**Work order:**
Leave out the images and output the records word for word.

**Data:**
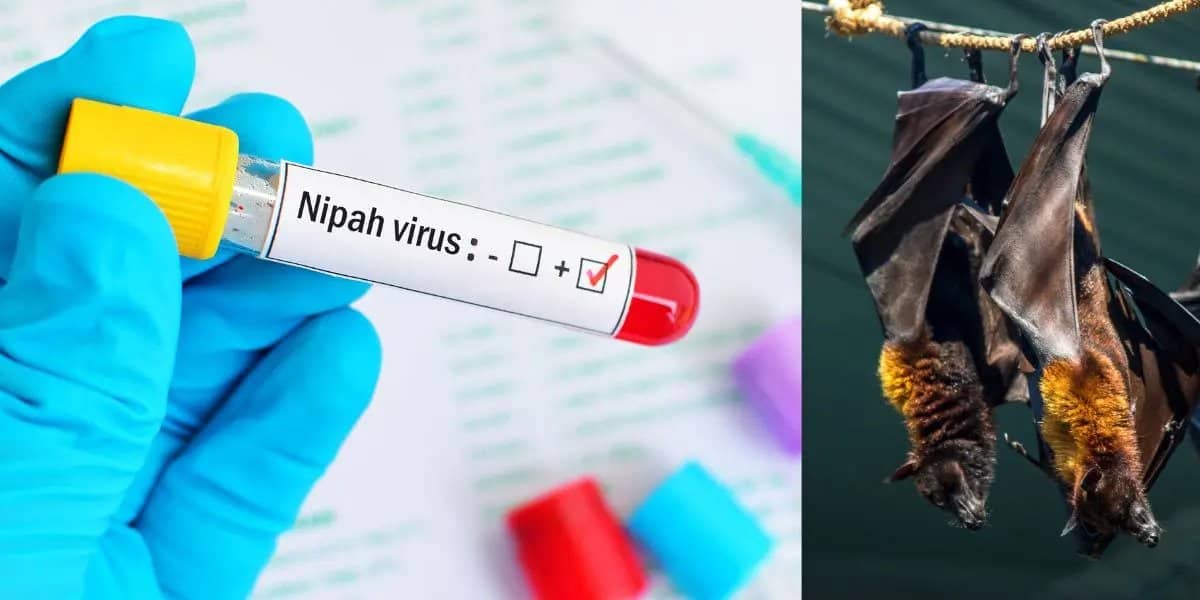 Nipah Virus Outbreaks: What You Need to Know 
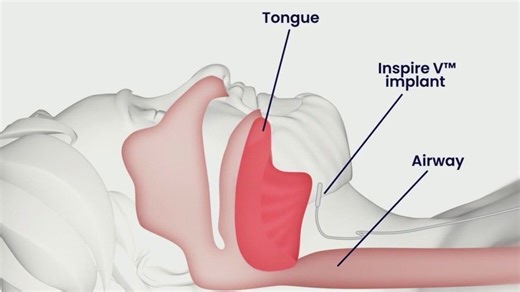 Implant could treat sleep apnea without CPAP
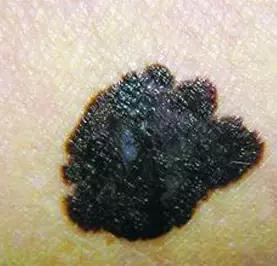 做胃镜怀疑癌变医生让做ct,做胃镜检查疑似肿瘤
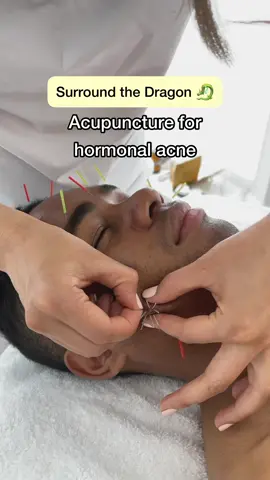 Visit an acupuncturist with us to treat hormonal acne using a traditional spot treatment method📍#tcm #chinesemedicine #acupuncture #surroundthedragon #hormonalacnetreatment #easternmedicine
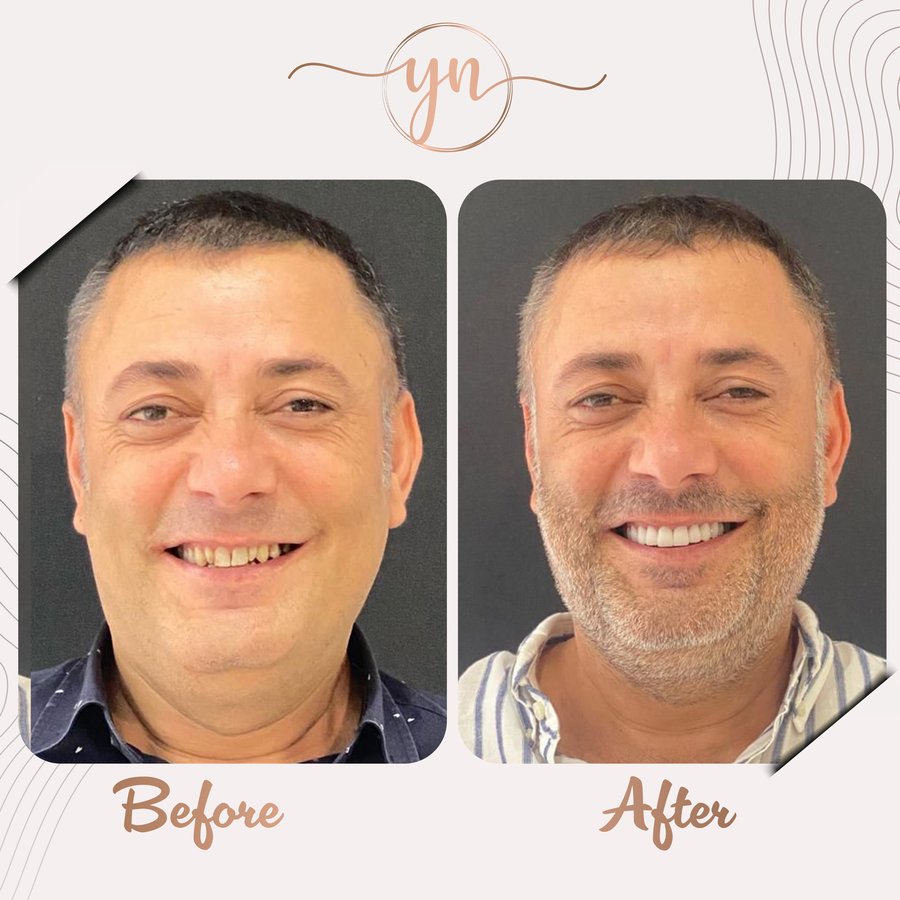 Yeni Nesil Dental Health Clinics - Yeni Nesil Dental Health Clinics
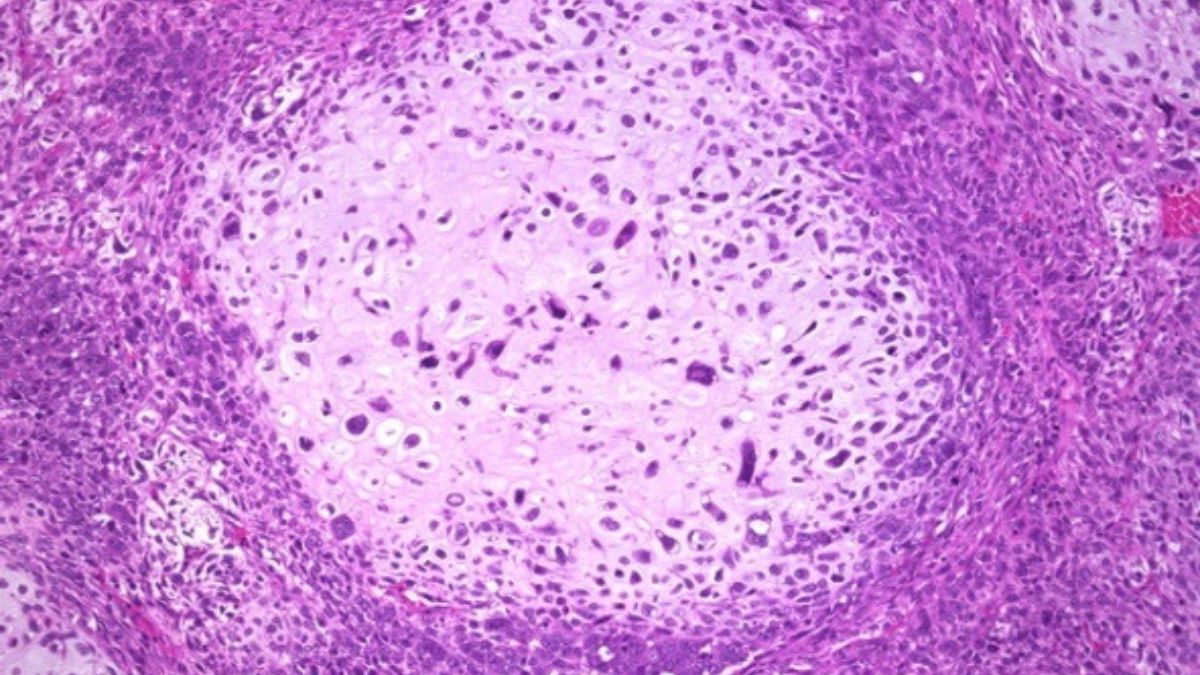 Un estudio refuerza un fármaco contra el cáncer de mama que actúa como un caballo de Troya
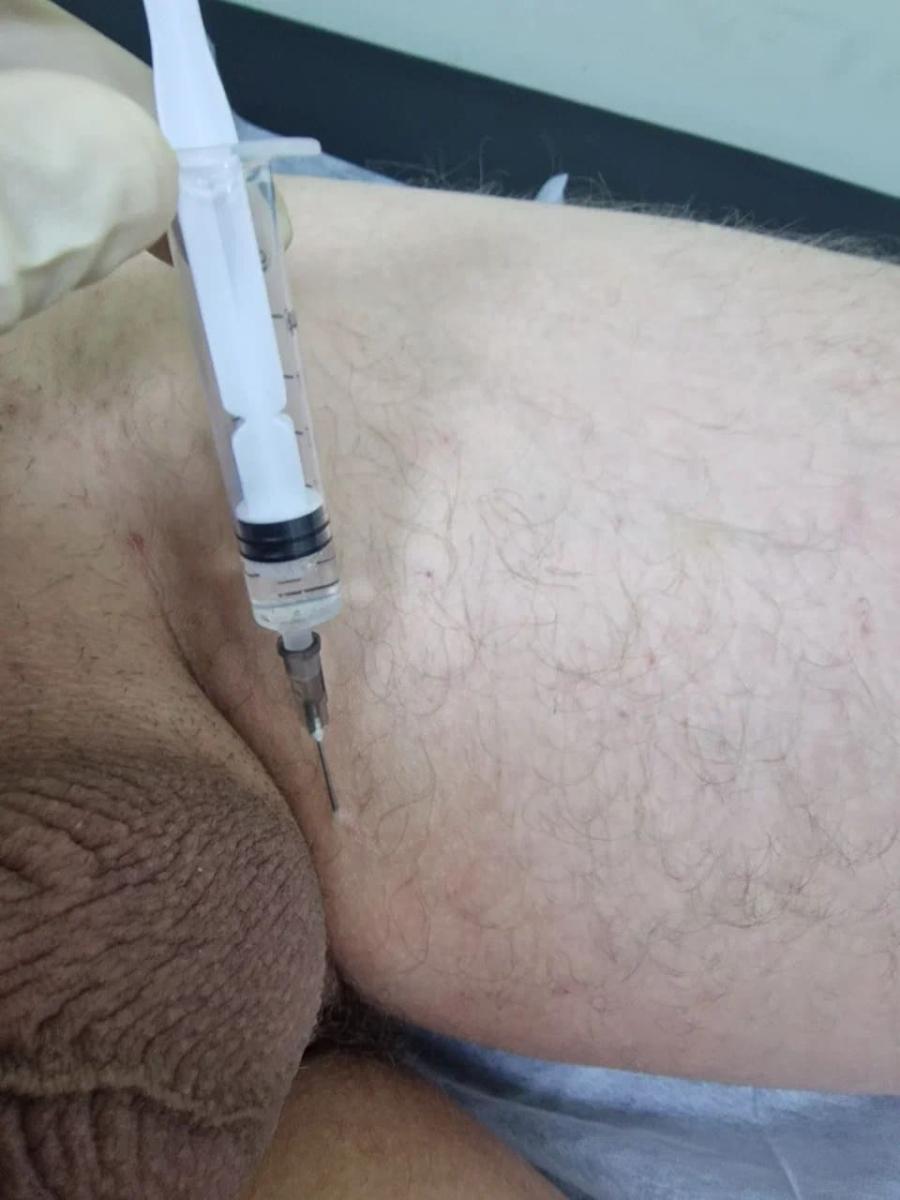 сифилис – сложное и коварное заболевание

**Written reply:**
 Nipah Virus Outbreaks: What You Need to Know 
 Implant could treat sleep apnea without CPAP
 做胃镜怀疑癌变医生让做ct,做胃镜检查疑似肿瘤
 Visit an acupuncturist with us to treat hormonal acne using a traditional spot treatment method📍#tcm #chinesemedicine #acupuncture #surroundthedragon #hormonalacnetreatment #easternmedicine
 Yeni Nesil Dental Health Clinics - Yeni Nesil Dental Health Clinics
 Un estudio refuerza un fármaco contra el cáncer de mama que actúa como un caballo de Troya
 сифилис – сложное и коварное заболевание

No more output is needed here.